# No flat collar for JH?



## DNL2448 (Feb 13, 2009)

Over on RTF there was a question about new AKC rules concerning JH. Dogs cannot come to the line with a flat buckle collar only lead held together around dogs neck. They were supposed to go into effect Sept. 1. Has anyone heard of this or is the wool being pulled over someones eyes?

Oh, and Hi Everyone, it's been a while.:wavey:


----------



## Swampcollie (Sep 6, 2007)

Somebody didn't quite understand the meaning of what was being said. The flat collar is still in the rule book. Wrapping the lead around the dogs neck is not allowed.

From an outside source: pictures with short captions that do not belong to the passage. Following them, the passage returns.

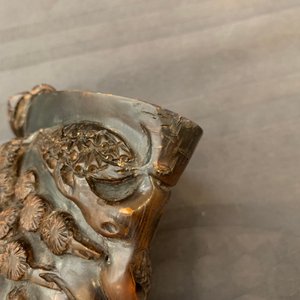 Une coupe libatoire en corne, un anneau d’archer en jade et un lave-pinceaux en verre de Pékin, 18ème et après — photo 15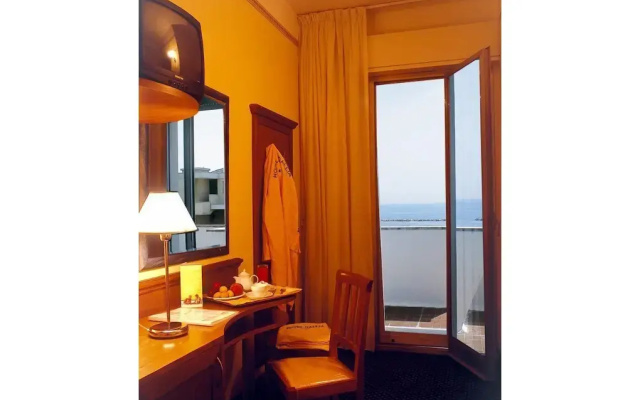 Gallia Club Hotel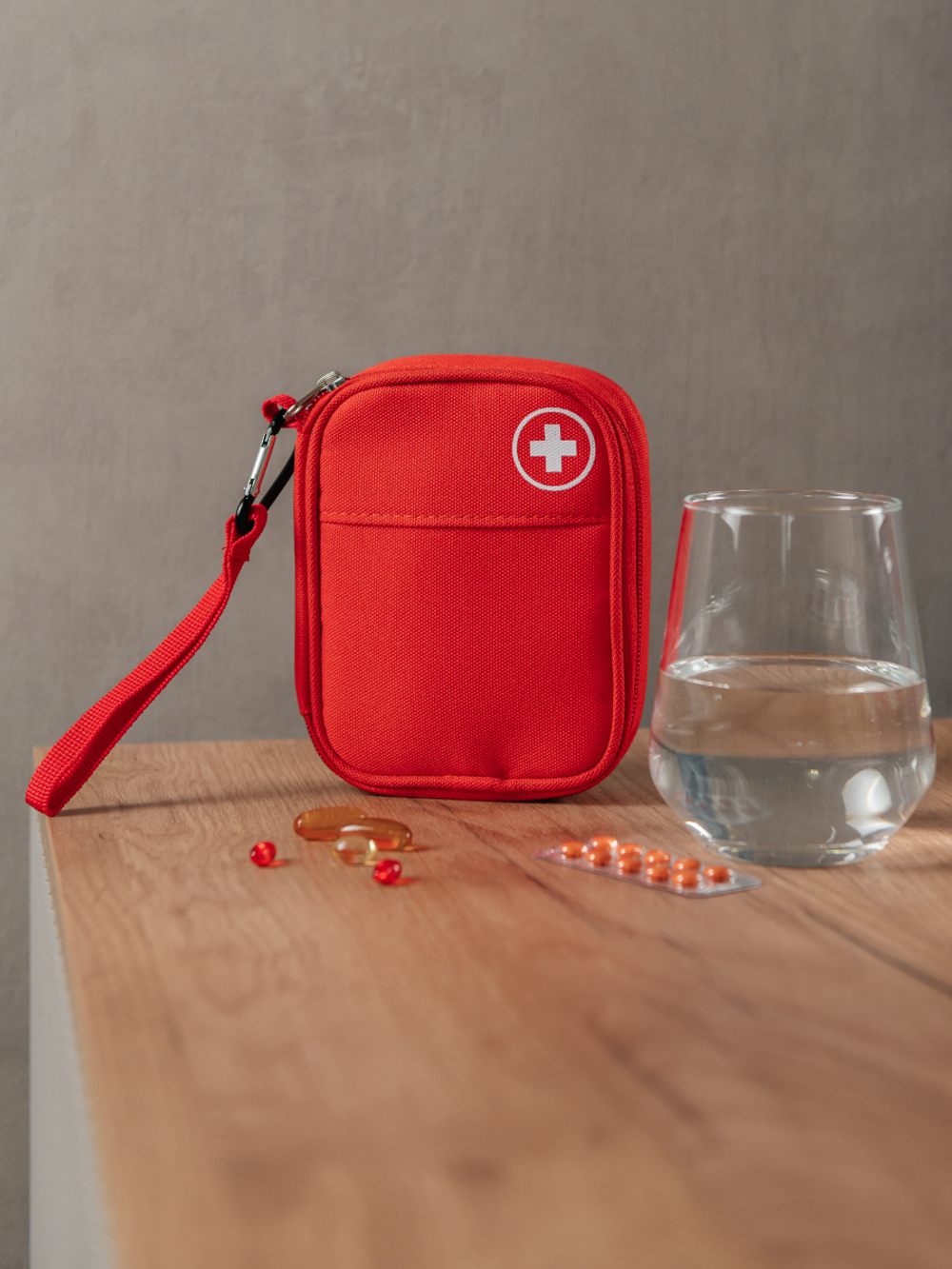 Аптечка карманная 14х11х3 (красная)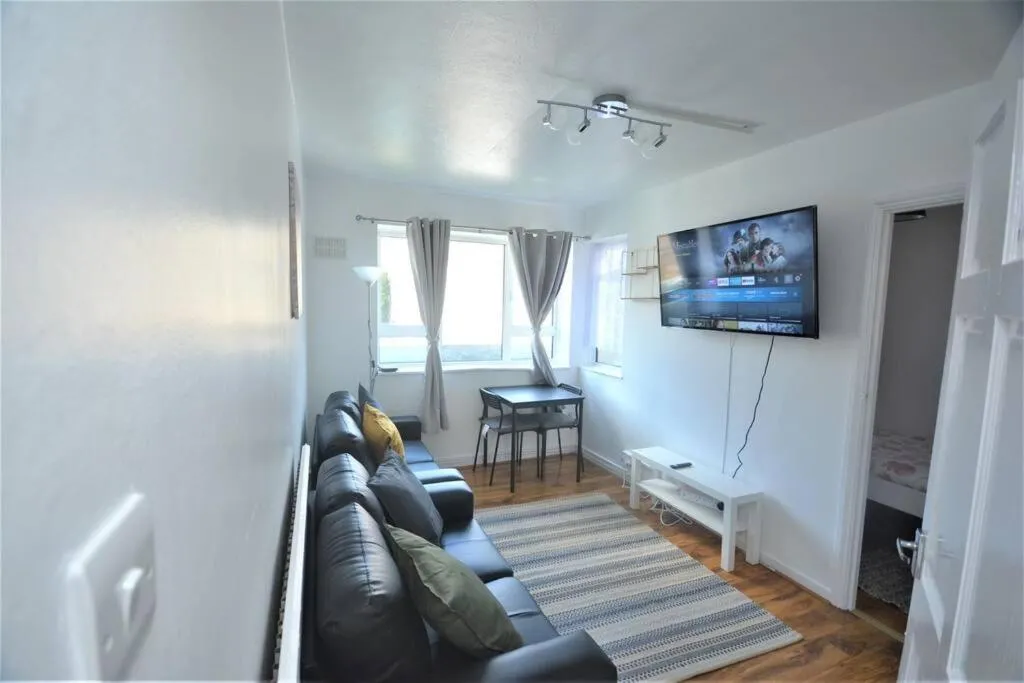 Image 4 of London Zone 2 Two Bedroom Apartment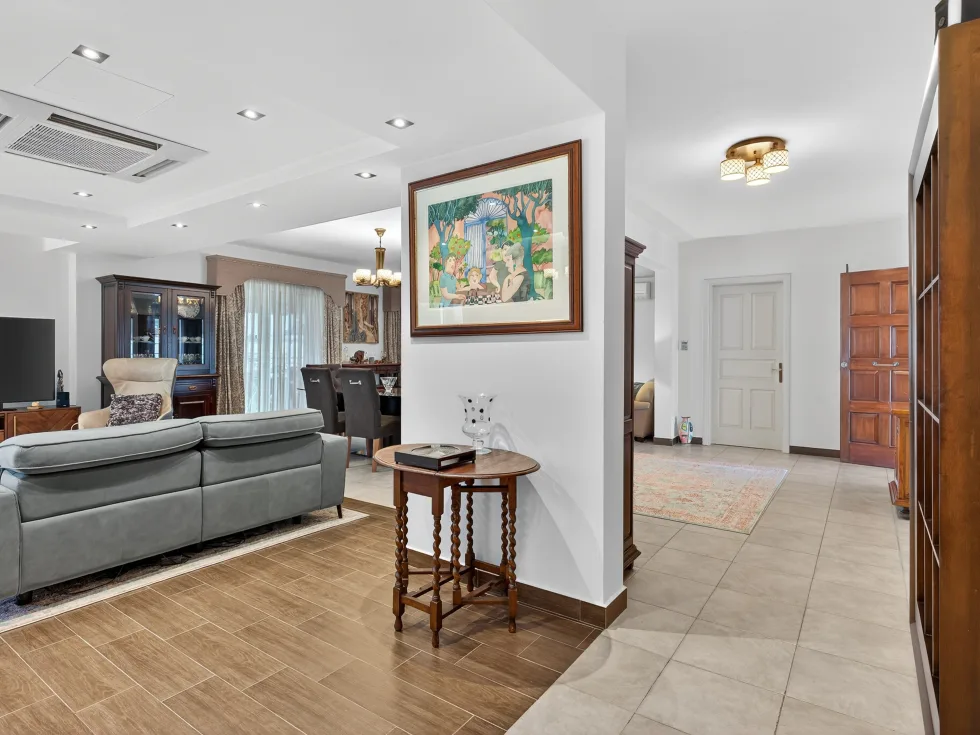 5 bed Villa For Sale in Mellieha, Mellieha - thumb 2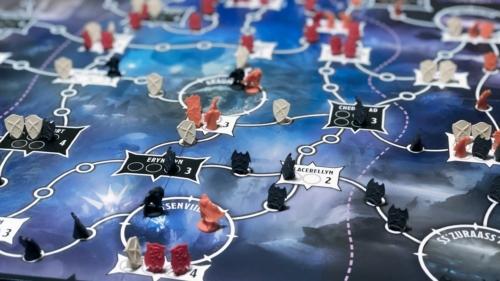 Lähikuva Tyrants of the Underdarkin pelilaudasta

The September 1st supplement didn't include anything regarding Junior.


----------



## sterregold (Dec 9, 2009)

I wonder if they were reading CKC rules--we have rule changes coming out that have just been circulated. Our JH dogs have always run collarless, though....


----------



## Swampcollie (Sep 6, 2007)

I'm guessing somebody wasn't listening or the judges did a poor job at pulling somebody's leg.


----------



## spruce (Mar 13, 2008)

Glad to "see" you! How is Tag?


Sent from Petguide.com Free App


----------



## hotel4dogs (Sep 29, 2008)

Good to see you here!


----------



## DNL2448 (Feb 13, 2009)

Good to "see" you all as well! Tag is doing awesome, thanks for asking. He hasn't had an episode since February, but still holding my breath and praying that he doesn't have another one.


----------